Was im zuvor behaupteten Kontext fatal wirkt, erscheint angesichts der Folgen der gigantischen Flutkatastrophe wieder in einem anderen Licht. Denn plötzlich bekam man über die verwertungsinteressierte Medien- und Bewusstseinsmaschinerie, ja selbst mittels des ökonomisch und ökologisch umstrittenen Massentourismus in die »dritte Welt«, erneut eine Ahnung von der Herausbildung einer «Weltöffentlichkeit«. Sah sich nicht selbst die mächtige Bush-Administration wegen nationaler Borniertheiten in der Defensive? Auf einmal kam die UNO wieder zu einem Mandat, und für diesmal schlug die Konkurrenz von Nationalstaaten in Hilfssummen-Ranking um. Natürlich ist Skepsis berechtigt, was langfristige Hilfe angeht. Aber besteht nicht auch die Chance, dass Begriffe wie »eine Welt« oder »Erdpolitik« dem hoch sensibilisierten Alltagsbewusstsein der Menschen tatsächlich entsprechen und zugleich ein reales Handlungsfeld der internationalen Institutionen markieren?

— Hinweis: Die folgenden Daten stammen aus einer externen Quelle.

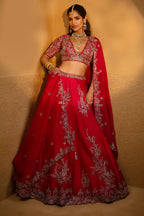 Pink Raw Silk Designer Heavy Patch Work Lehenga with Deep V Neck Blouse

Die Entwicklung eines »Kosmopolitismus« vollzieht sich allerdings auf der Basis der sich ausweitenden kapitalistischen Produktionsverhältnisse, und darin unterscheiden sich Asien, die USA und eine sich erweiternde Europäische Union wahrlich nur wenig. Wie voraussetzungsvoll allein schon das »Projekt Europa« ist, wie schwer es sein wird, den politischen Ort einer Staaten- und Bürgerunion zu bestimmen und Zerfallstendenzen aufzuhalten, das diskutieren in diesem Heft Adolf Muschg und Joscha Schmierer. Und auch ein Vergleich zwischen der unstrittigen Einschlussfähigkeit der Einwanderer in den USA mit den in Europa sich verschärfenden nationalen Migrations- und Türkeidebatten (siehe »Thema«, Martin Altmeyer, und die Dokumentation der Hannah-Arendt- Preis- Verleihung) lässt für zentraleuropäische Überlegenheitsgefühle wenig Platz.